Data listing -
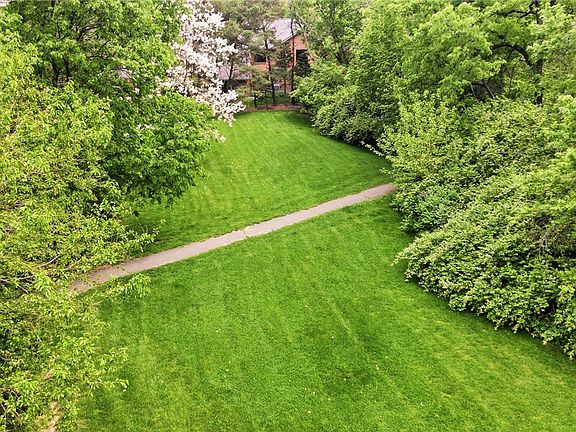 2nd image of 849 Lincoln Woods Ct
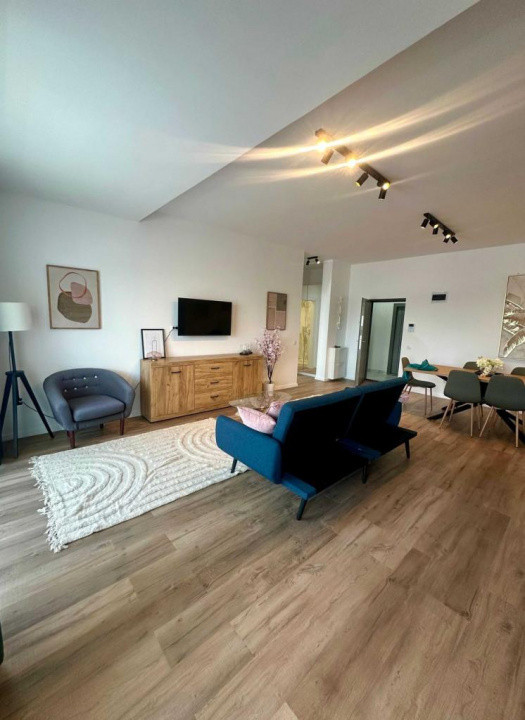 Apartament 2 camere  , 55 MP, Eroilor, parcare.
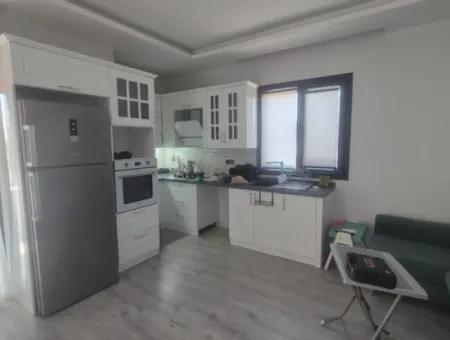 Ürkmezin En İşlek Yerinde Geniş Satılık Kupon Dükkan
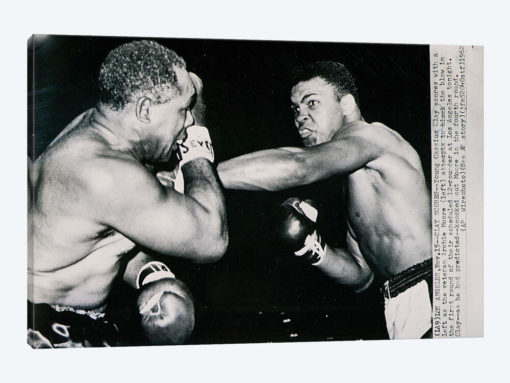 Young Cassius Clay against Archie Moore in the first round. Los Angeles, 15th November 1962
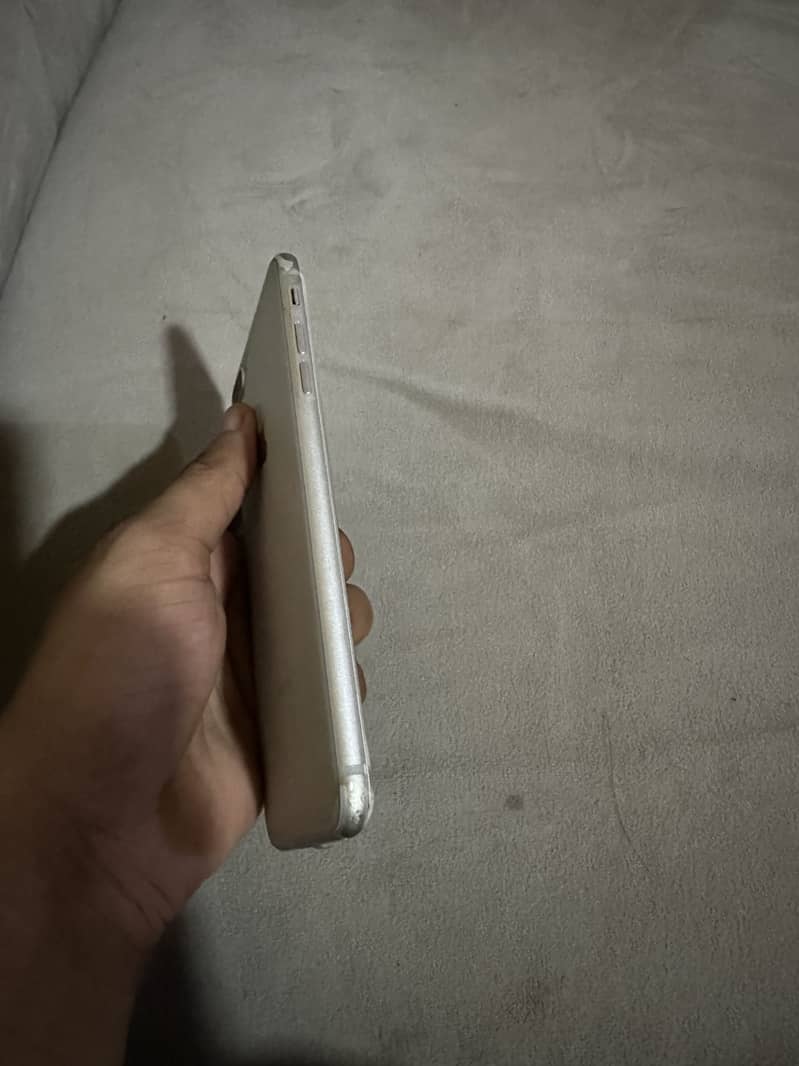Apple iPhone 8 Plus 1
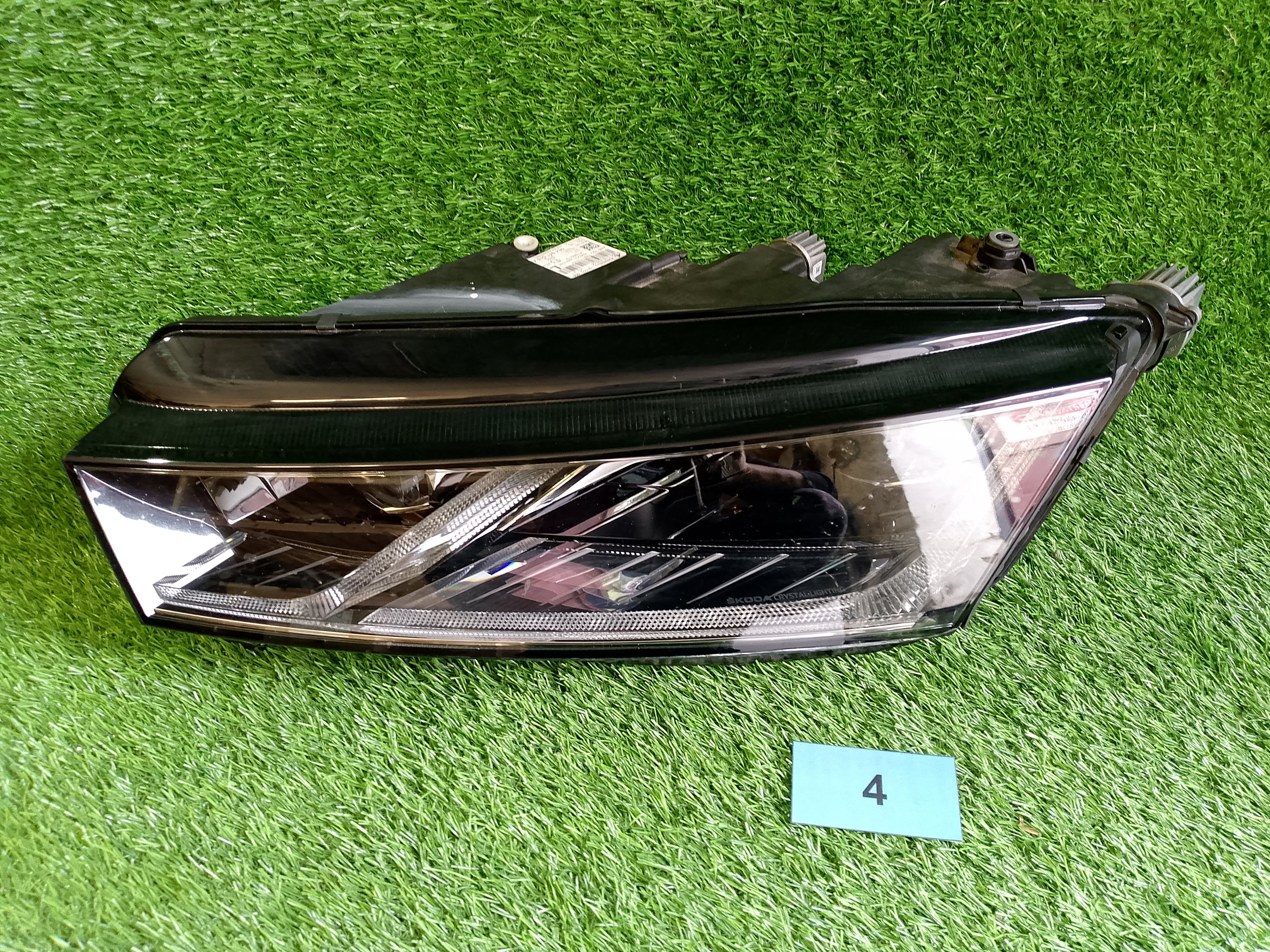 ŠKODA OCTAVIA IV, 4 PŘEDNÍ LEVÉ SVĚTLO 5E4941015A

Work to complete -
Transcribe all the lines above exactly, apart from the pictures.

Expected answer -
 2nd image of 849 Lincoln Woods Ct
 Apartament 2 camere  , 55 MP, Eroilor, parcare.
 Ürkmezin En İşlek Yerinde Geniş Satılık Kupon Dükkan
 Young Cassius Clay against Archie Moore in the first round. Los Angeles, 15th November 1962
Apple iPhone 8 Plus 1
 ŠKODA OCTAVIA IV, 4 PŘEDNÍ LEVÉ SVĚTLO 5E4941015A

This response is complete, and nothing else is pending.